Excerpts from a dataset
-- Opening Marker --
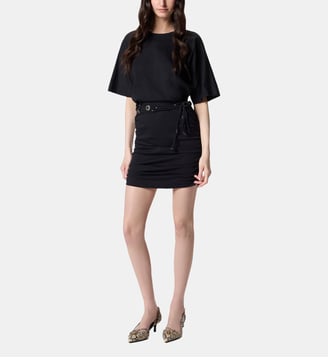 Robe courte avec ceinture - Pinko - Limousine noire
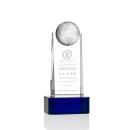 Sherbourne Globe Blue on Base Towers Crystal Award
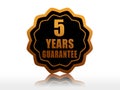 Five years guarantee starlike label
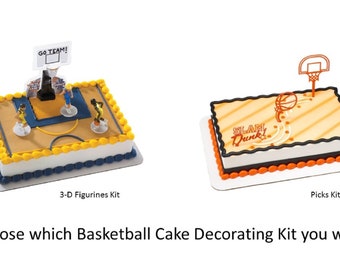 Basketball Cake Decorating Kit for boys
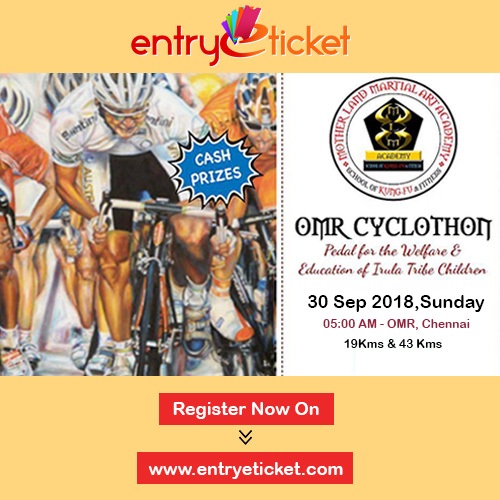 OMR CYCLOTHON 2018 | Entryeticket, Chennai, Tamil Nadu, India
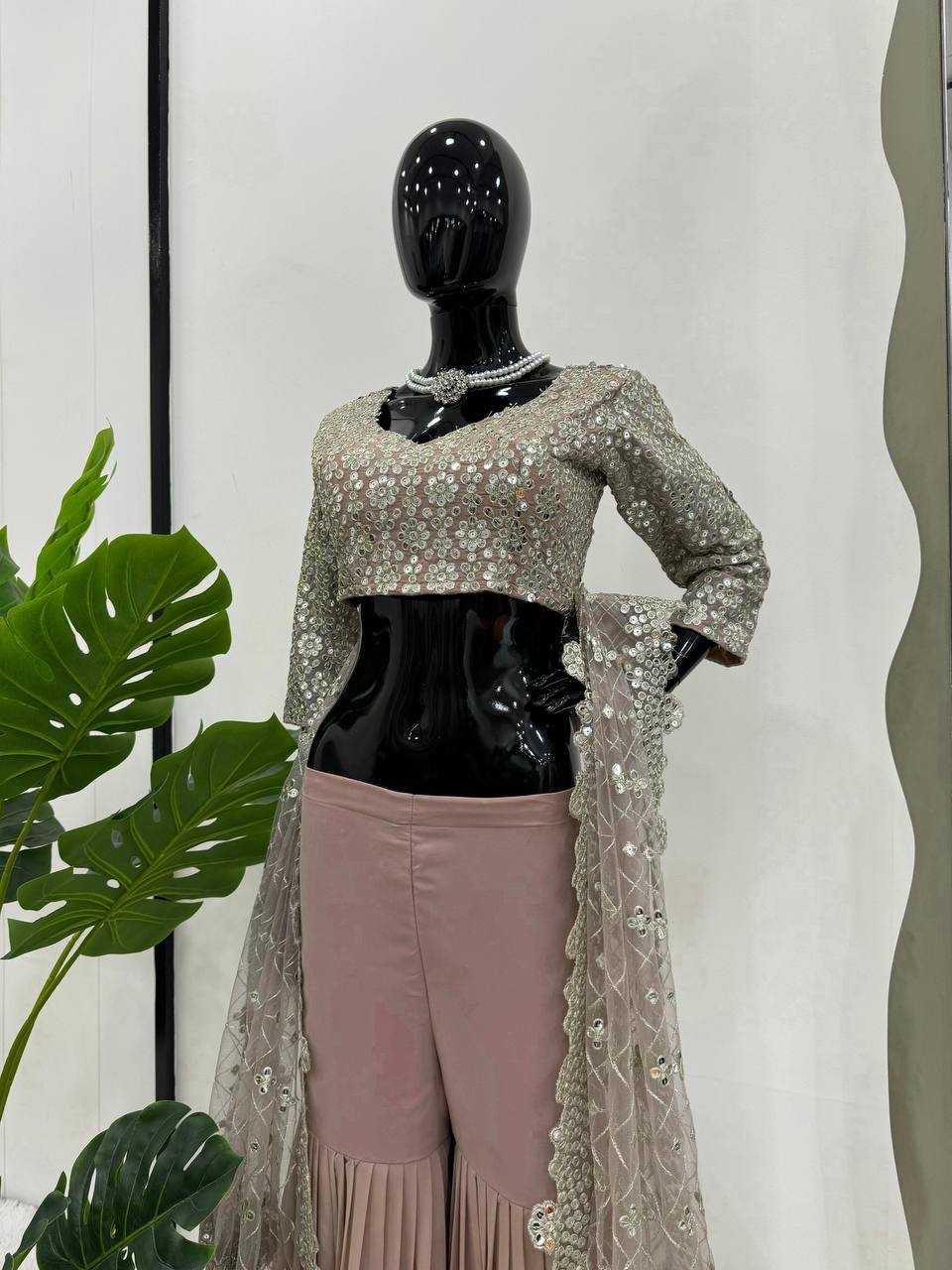 FAUX GEORGETTE SHARARA SUITS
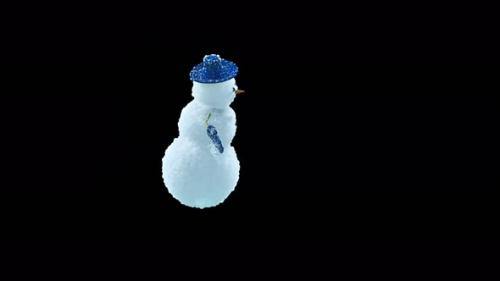 Videohive - 52 Snowman Dancing 4K - 34338936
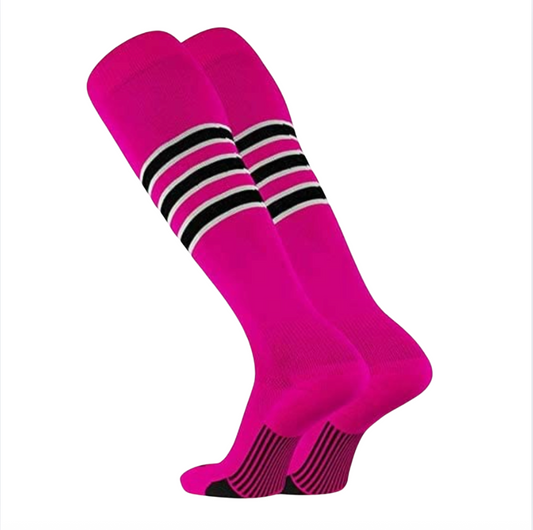 Canes Pink Custom Long Sock
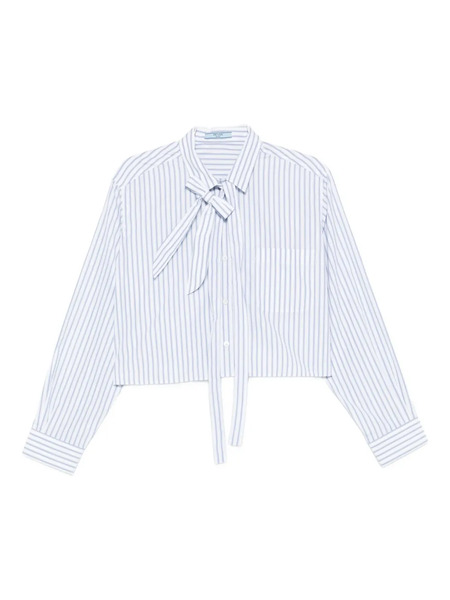  Prada Camicia A Righe - Blu 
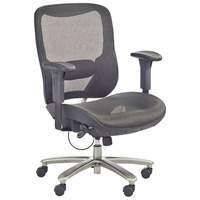Economical Big & Tall Chair, Mesh, Black, 450 lbs. Capacity Seaboard Timber Mart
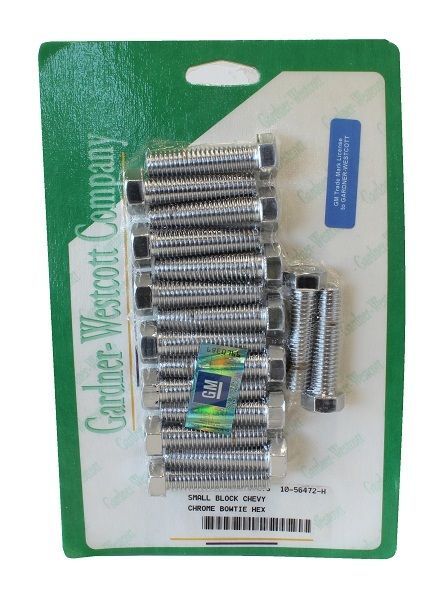 Gardner Westcott GW10-56472-H Outside Head Bolts Chrome Hex suit Chev SB V8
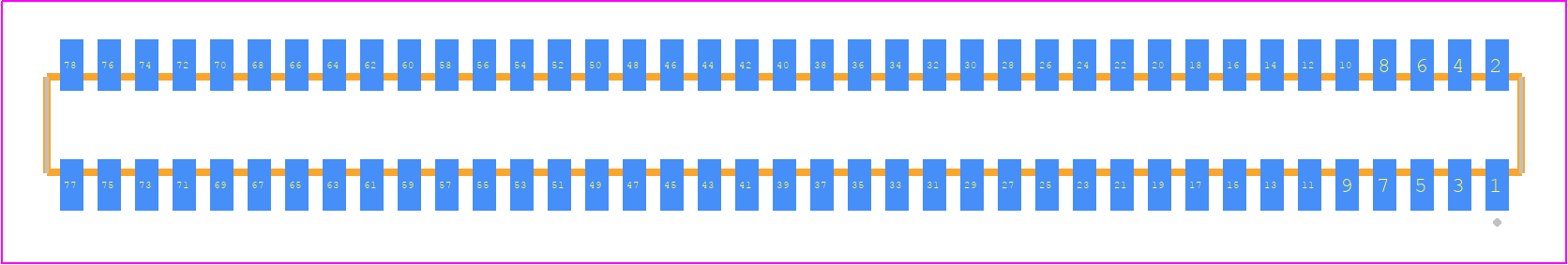 CLM-139-02-G-D-K-TR - SAMTEC PCB footprint - Other - Other - CLM-139-02-XX-D-Y-TR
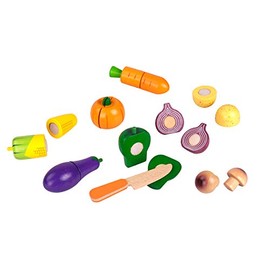 Tooky Toy TY895 Légumes Assorted Wooden Vegetables, Multicolored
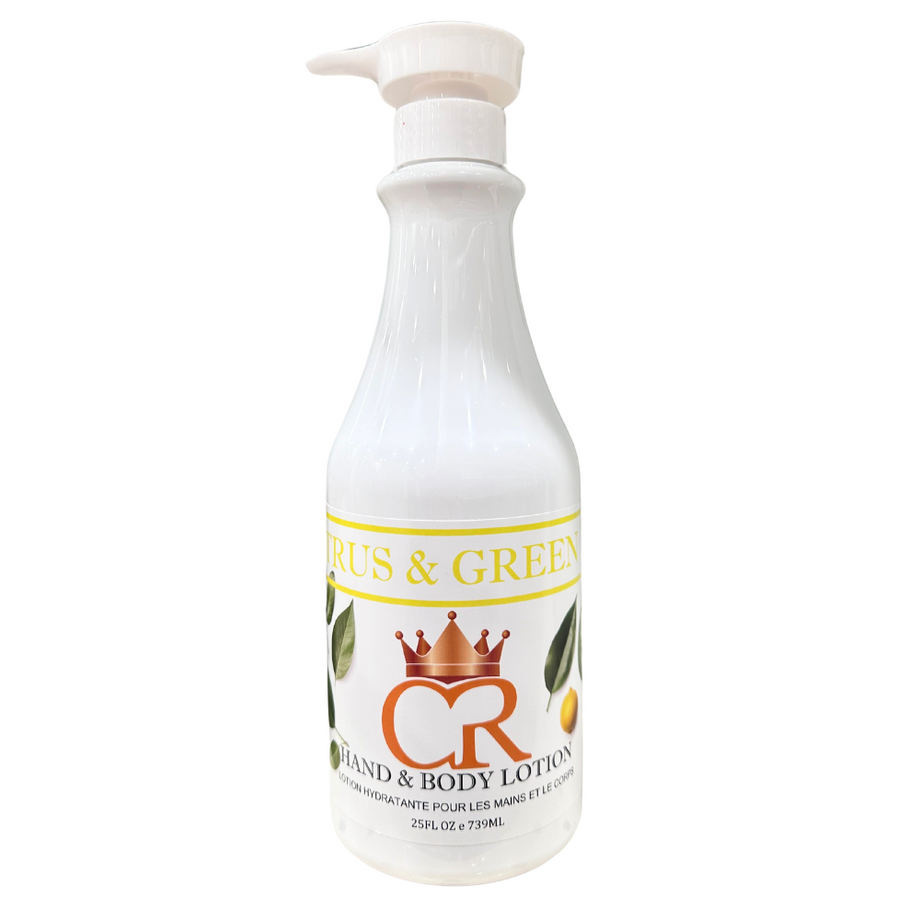 Crown Hand & Body Lotion (25oz/ 739ml) - Citrus & Green Tea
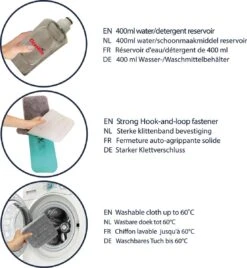 Cleanrite Spraymop Vloerwisser - 360 Graden - Inclusief Microvezeldoek 16 Cleanrite Spraymop Vloerwisser - 360 Graden - Inclusief Microvezeldoek -Bol. 1106x1200 1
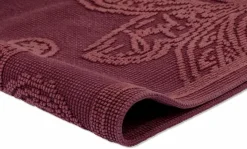 JOOP! Badteppiche-Badteppich Paisley 50 x 60 cm Mauve
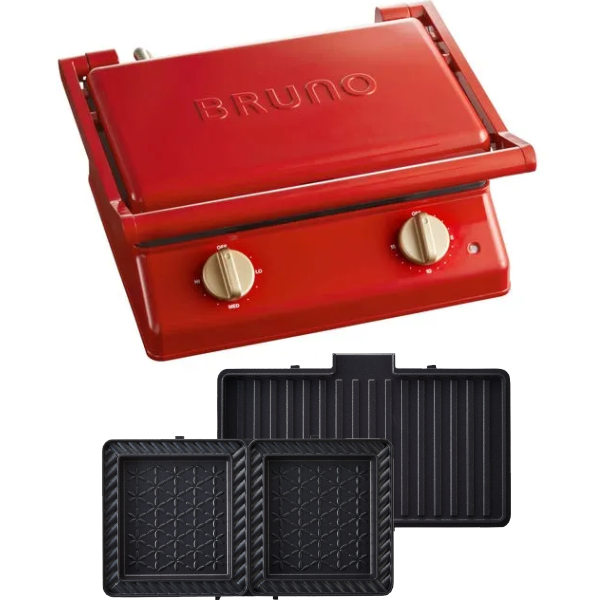 [レンタル] ブルーノ グリルサンドメーカー ダブル ホットサンドメーカー BOE084 - 3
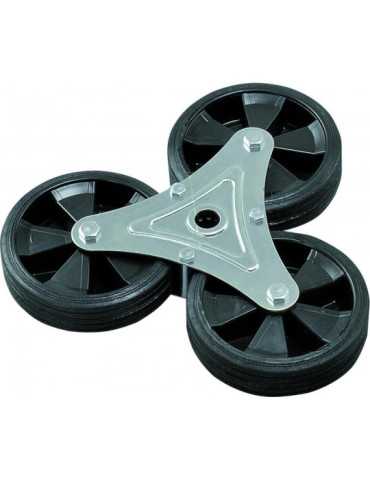 Rueda PVC triple GIERRE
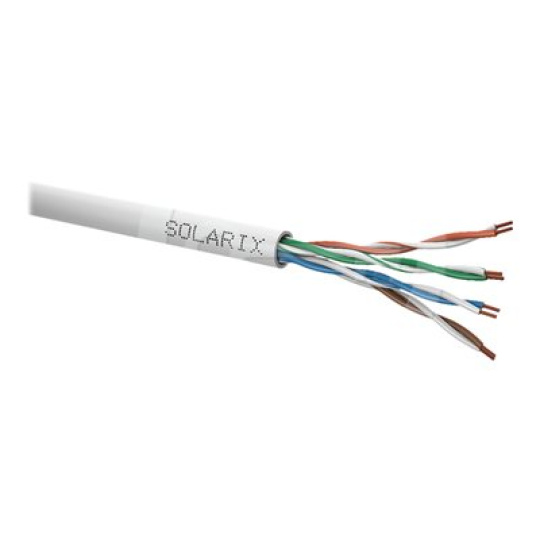 Solarix SXKL-5E-UTP-PVC-GY - Kabel horizontální - 305 m - 5.3 mm - UTP - CAT 5e - šedá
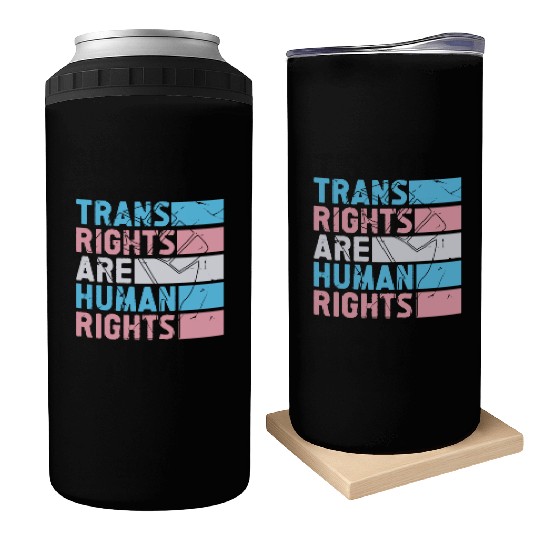 Trans Rights Are Human Rights Support LGBT Pride Can Coolers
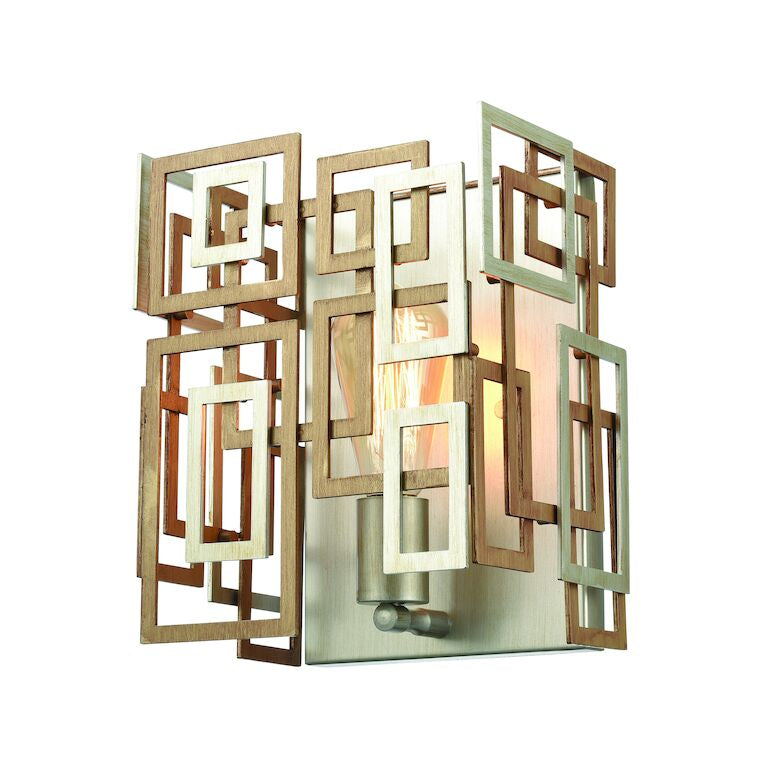 GRIDLOCK 10'' HIGH 1-LIGHT SCONCE---CALL OR TEXT 270-943-9392 FOR AVAILABILITY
-- Closing Marker --
What the exercise asks: Pictures must be left out of the answer, which should be exactly the lines from the one holding "[レンタル] ブルーノ グリルサンドメーカー" through the last line of the entries above, both included; please add nothing.

Reply:
 [レンタル] ブルーノ グリルサンドメーカー ダブル ホットサンドメーカー BOE084 - 3
 Rueda PVC triple GIERRE
 Solarix SXKL-5E-UTP-PVC-GY - Kabel horizontální - 305 m - 5.3 mm - UTP - CAT 5e - šedá
 Trans Rights Are Human Rights Support LGBT Pride Can Coolers
 GRIDLOCK 10'' HIGH 1-LIGHT SCONCE---CALL OR TEXT 270-943-9392 FOR AVAILABILITY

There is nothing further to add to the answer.